The Elon University football team enters this weekend with a loss in its rearview mirror. It is the first time its been in that situation since the first week of September.

This season has been defined by surprising wins, with each week adding another mark in the win column and another chapter to the saga. But now, with a 16-6 loss at the University of New Hampshire on Nov. 11 in the books and a matchup against national No. 1 James Madison University coming up this weekend, the momentum may be slowing.

With Elon’s first Football Championship Subdivision (FCS) playoff berth since 2009 all but guaranteed, now is a dangerous time to be losing momentum.

The New Hampshire game exposed some of the ways the Phoenix can falter in the face of talented opponents. There were a few signs of the Elon team that had given so many Colonial Athletic Association (CAA) teams a scare this fall. All season, it has taken down ranked teams by the skin of its teeth, sealing its eight victories by an average of less than four points each game.

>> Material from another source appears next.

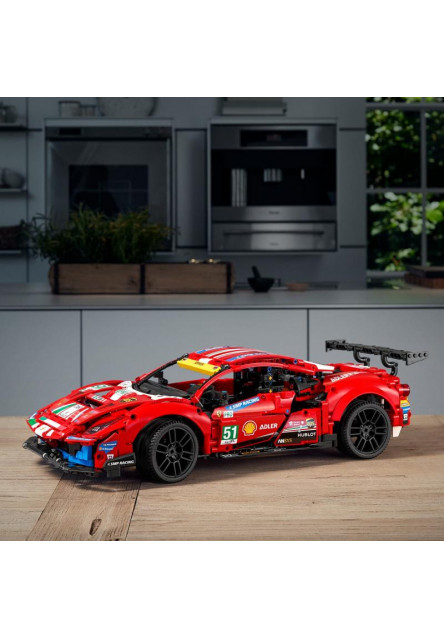 Ferrari 488 GTE „AF Corse #51”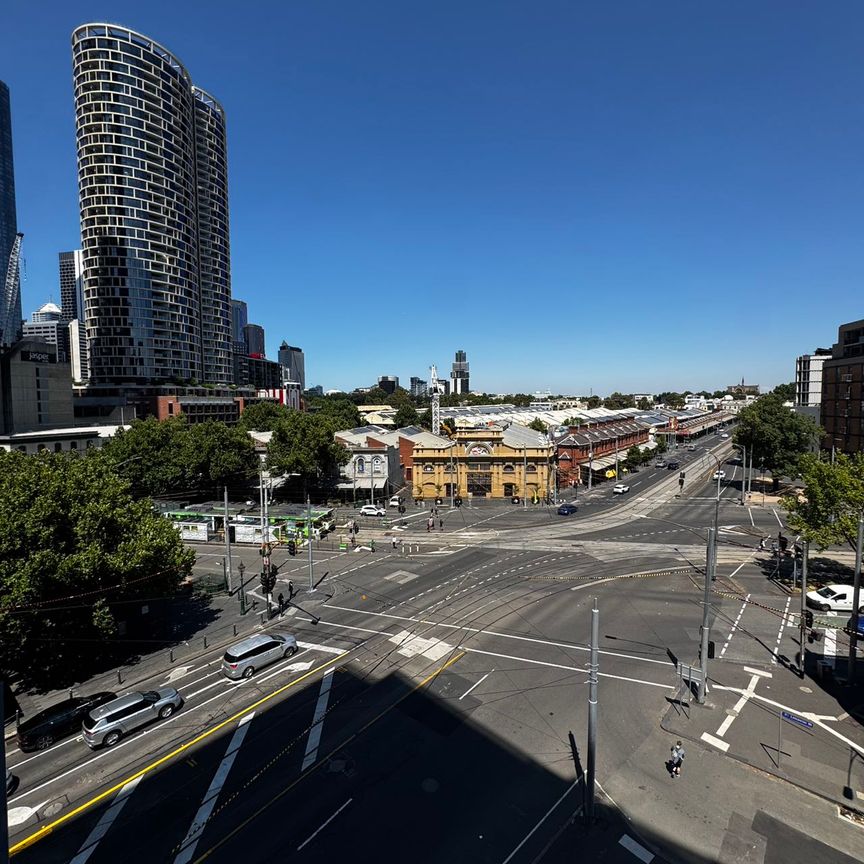 Modern 1-Bedroom Furnished Apartment in Carlton – Perfectly Positioned! - Photo 1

All of Elon’s wins saw the Phoenix come from behind or narrowly avoid squandering an early lead. Against New Hampshire, Elon did not score until the fourth quarter. Three turnovers and missed opportunities piled up, leaving UNH in the driver’s seat all game.

Only one game stands between Elon and the playoffs, and there is no time left to miss opportunities — especially with James Madison University coming to town.

The Dukes will visit Elon for a game they are used to winning. In the past three matchups, JMU has led Elon in scoring 173-41. In short, Elon has never given the Dukes a scare. 

But this could be the year.

Before the loss to New Hampshire, Elon and JMU were tied at the top of the CAA standings. The Dukes, last year’s FCS national champions, were continuing their winning ways. Elon was in the midst of its headline-making, expectation-shattering season. 

This Saturday, Nov. 18, the two will clash at Rhodes Stadium in the final game of the season, and Elon will have to dig deep to collect its first-ever win over the Dukes. Elon has not seemed to care much for precedent this season, pulling off upsets and surprising opponents since September.

Regardless of Saturday’s score, the contest will be Elon’s last chance to tighten the screws on a team that has played its fair share of too-close-for-comfort games. Even if the Phoenix were to end the season on a two-game skid, it would almost certainly have its earlier efforts rewarded with a spot in the playoffs. 

Any team that Elon might encounter in the playoffs will be there for a reason. The playoff bracket features an elite selection of 24 teams, most of which are coming off banner years of their own. Much of the competition will finish the season with only one or two losses, and a strong appetite for more.

Those teams will not leave any margin for error or missed opportunity.

As Elon enters the home stretch, it has one last chance to make sure those errors disappear in order to make sure it is ready to seize every opportunity. With its hardest tests of the season still to come, and the possibility of an even harder test immediately after, Elon needs to be the team it was against against Richmond and Villanova — not the team it was in New Hampshire.